I shook my head. Again, Donnie was taunting me, the puppet was taunting me. They thought I was a murderer, they thought I was a drug addict. Who was I to tell them the truth of my capture? Who were they to repeatedly ask me to live through the horrors of last week again? What were we? More importantly, who was it that caused this all in the first place? I shook my head again, the revolting taste of my own blood and rusted steel poisoning the tip of my tongue again, as I relived the memory. Acting gentle, acting so kind, but I knew what they thought of me. I knew they thought I was nothing more than an addict. Because that was what Eric Matthews had told them. Eric. Swallowing tears, I did what they asked, the marks near the corners of my mouth stinging.
"I woke up."
A flash of green tinted nausea.
"All I could taste was blood."
A rushing red river down my chin.
"And Metal."
A welded together bronze nightmare.
Cutting, Cutting further.
Stabbing deeper.
Searching, sweating.
Crying, screaming.
Bleeding, eternally.
The blade of the cutting knife slicing through skin as it would with bread.
The hungry eyes watching, my aching skin.

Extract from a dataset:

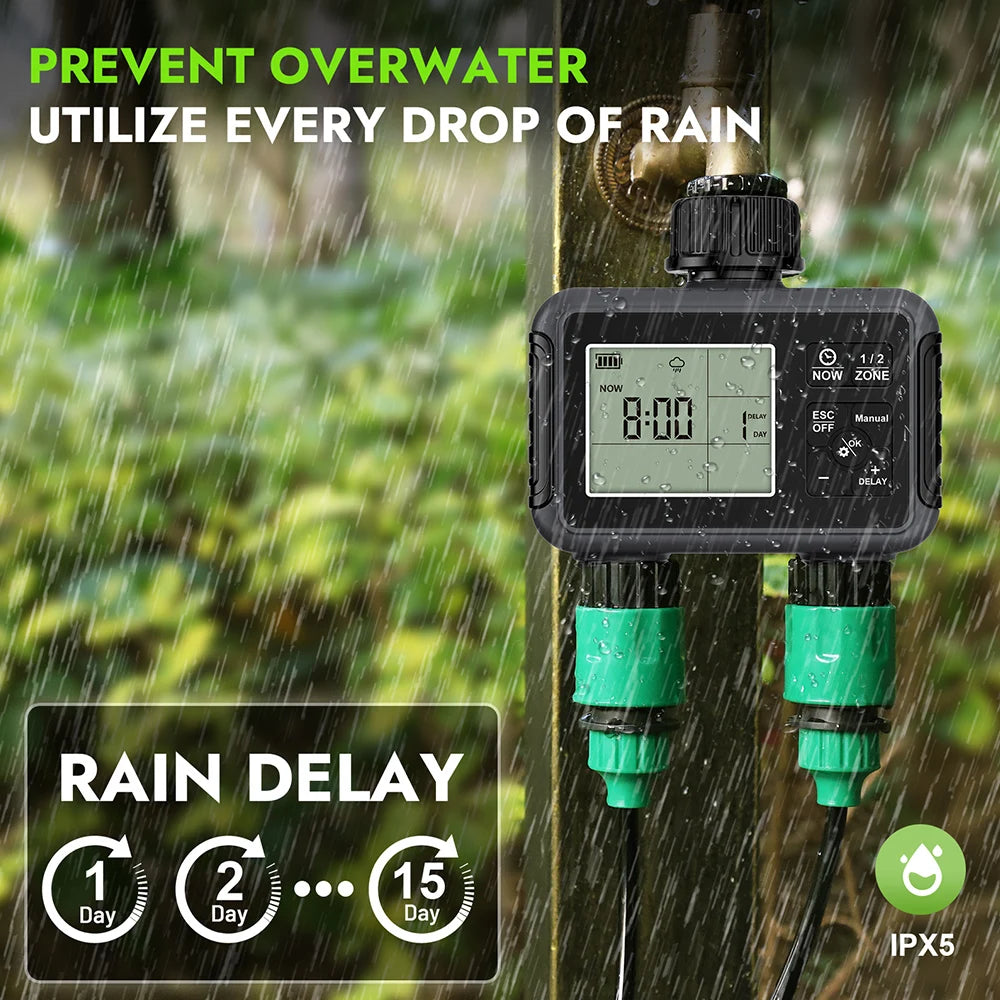 Intelligent Automatic Garden Water Timer 1/2/3-Outlet Irrigation Controller for Lawn and Greenhouse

The eyes were my thoughts.
I was my thoughts.
I was my blood.
My sweat.
My tears.
I was a murderer.
I was an addict.
And yet.
Yet.
I hadn't touched a drug.
I hadn't touched a masking agent.
I hadn't even touched a razor blade.
I was given a second chance at life. Who was I to be so broken?
What liberating judge of life and death had chosen me?

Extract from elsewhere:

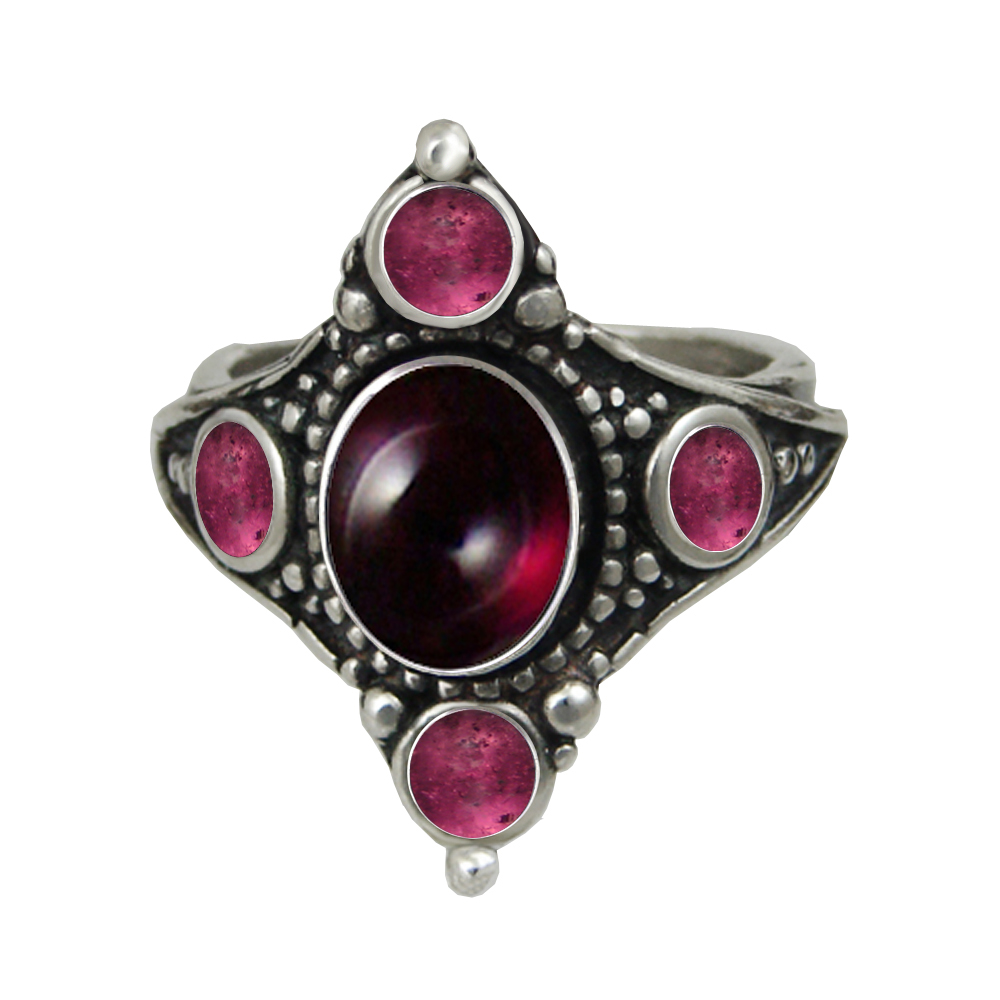 Sterling Silver Renaissance Queen's Ring With Garnet And Pink Tourmaline Size 10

For this shattered visage I called myself
Was now whole again.
Was it?
    Now I can form my thoughts.
Now I can piece myself back together like a jigsaw puzzle.

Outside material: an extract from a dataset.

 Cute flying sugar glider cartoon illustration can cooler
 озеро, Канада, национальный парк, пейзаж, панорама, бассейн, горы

It's funny, Isn't it? How something so shocking and nauseating at first could be seen as a good thing later?
I had given up on picking up my broken shell,
Given up on piecing it together again.
Cracking and crumbling under my grasp
For maybe it just needed to be broken further to be fixed ultimately.
That's what it was.
That's what he was doing to me.
...
"What happened after you took it off..?" Tapp's voice echoed through my trance. I was speaking and I hadn't even known it. I was replaying the events on auto pilot. Every grotesque detail. The intestines slimy in my hands, the blood sopping wet. The key turning, and my freedom given. My own screams are calling in my head, as if I weren't the one to scream them. Like a distant memory, so fresh, yet so far away.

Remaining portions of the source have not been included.